=== Supplied data ===
+ + +

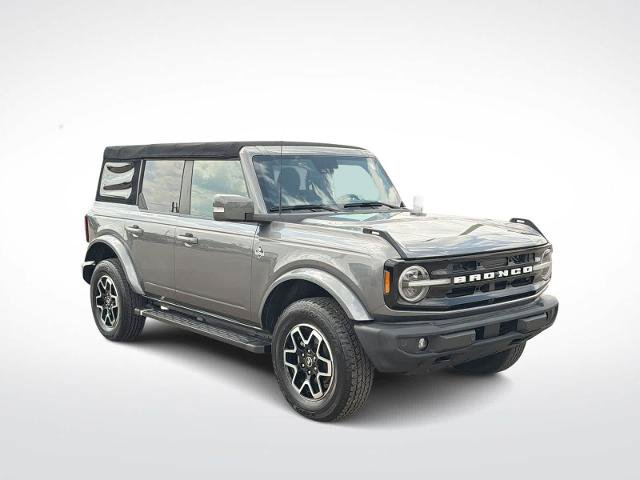 Certified 2022 Ford Bronco Outer Banks AWD/4WD image 2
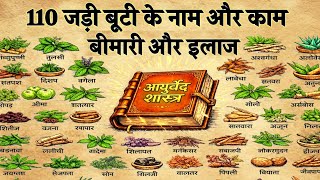 110 herbs, diseases and treatment according to Ayurveda ||Sanatan Gyan Katha screenshot 3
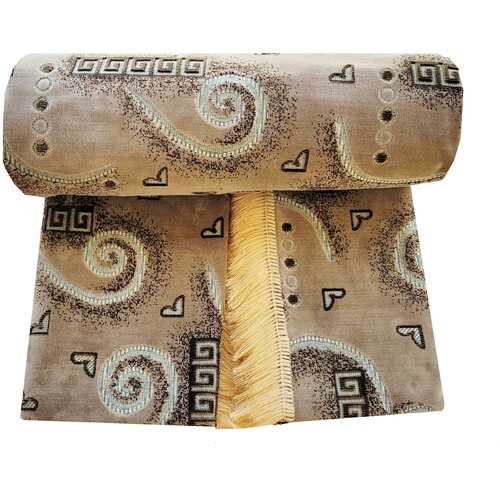 Комплект дивандеков для мягкой мебели, покрывала на диван и 2 кресла 160х220 см-1 шт, 160х90 см-2 шт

+ + +

=== What is expected ===
Your answer should reproduce every line of the data verbatim and include no images.

=== Exercise answer ===
 Certified 2022 Ford Bronco Outer Banks AWD/4WD image 2
 110 herbs, diseases and treatment according to Ayurveda ||Sanatan Gyan Katha screenshot 3
 Комплект дивандеков для мягкой мебели, покрывала на диван и 2 кресла 160х220 см-1 шт, 160х90 см-2 шт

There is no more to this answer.